The initial operational capability (IOC) is the point at which an aircraft's ability to effectively employ a weapon, item of equipment or a system that is manned by a trained military unit is tested and reviewed by officials, according to Military Factory.
As the fighter jets are expected to cross the pond anytime between June 5 and June 10, weather permitting, Wing Cmdr.
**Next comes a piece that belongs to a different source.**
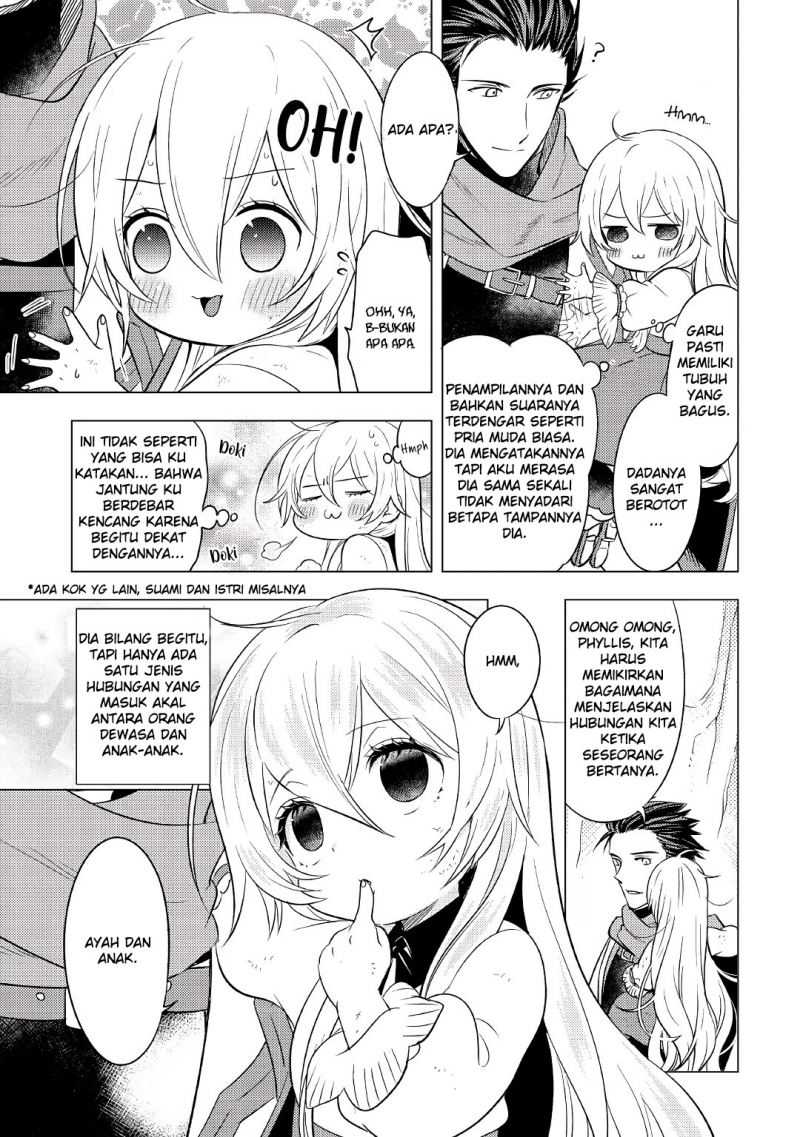 Tensei-saki wa Moumoku Youjo deshita: Zense no Kioku to Mahou wo Tayori ni Ikinobimasu Chapter 05 Gambar 18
Scott Williams, the UK's senior national representative at South Carolina's Marine Corps Air Station Beaufort, told Defense News that his pilots are undergoing additional training and making sure their planned UK home base in Marham, England, "is able to take and operate that airplane."
"We are at a point now where we believe we can do that," he told the outlet. "And the final thing… that is really driving it all, is that it gives us more time in the UK to do that — build up to the IOC."
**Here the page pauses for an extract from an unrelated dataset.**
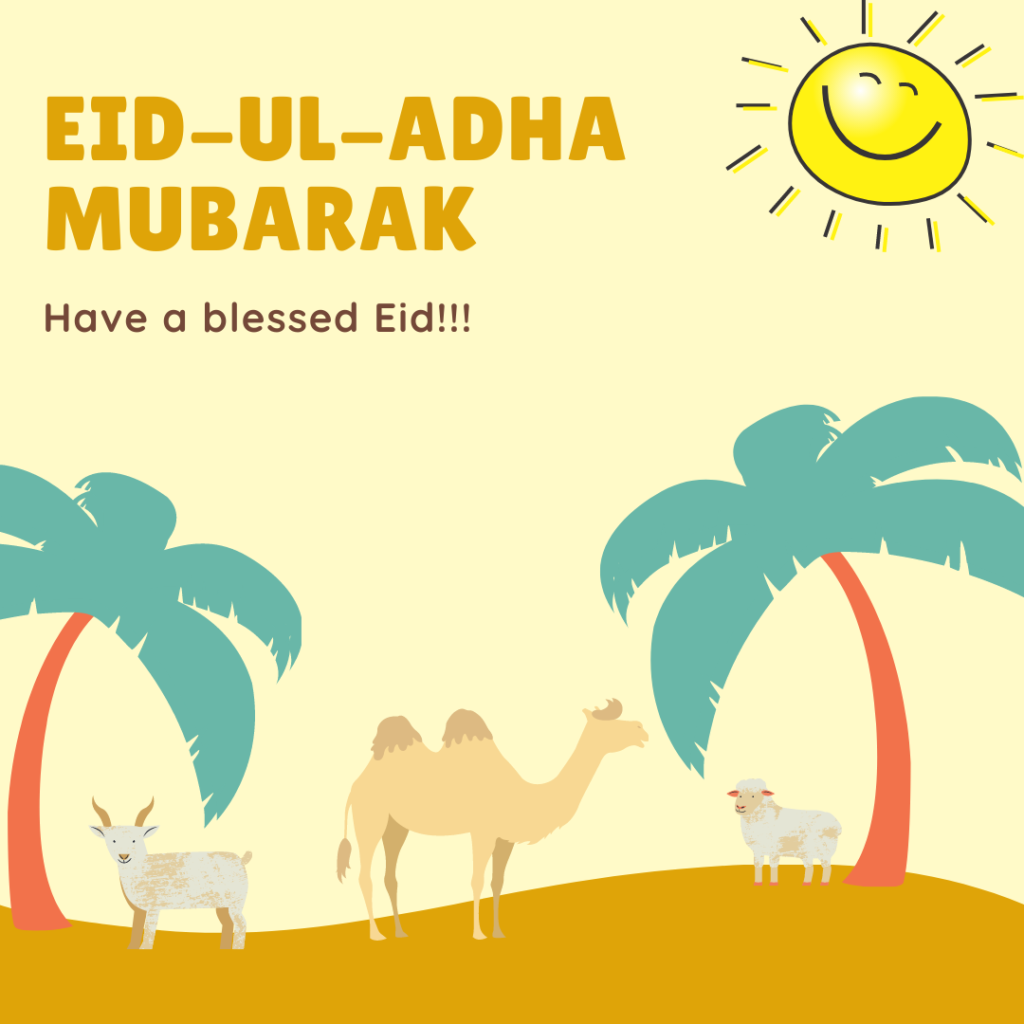 Eid ul adha 2024 Eventlas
"We train at a very basic F-35 level that's common across the two services," Williams noted, adding that the only differences in training between American and British pilots is that they'll occasionally attend different briefings.
According to the publication, as the four F-35Bs make their way to the UK, they will be accompanied by an Airbus A330 tanker that will refuel the fighter jets during the flight.
Though it's unclear exactly what the Royal Air Force (RAF) will be looking for when it comes to the IOC test, Williams told Defense News that examinations will involve suppression of enemy air defenses, and defensive and offensive air actions.
The UK has already committed to purchasing some 48 F-35s, with another 138 fighters to be paid for at a later time.
The BBC reported that the F-35s will replace the Tornado GR4s at the RAF Marham base, which will retire from service in 2019. The Tornado GR4s are currently deployed in operations over northern Iraq and Syria.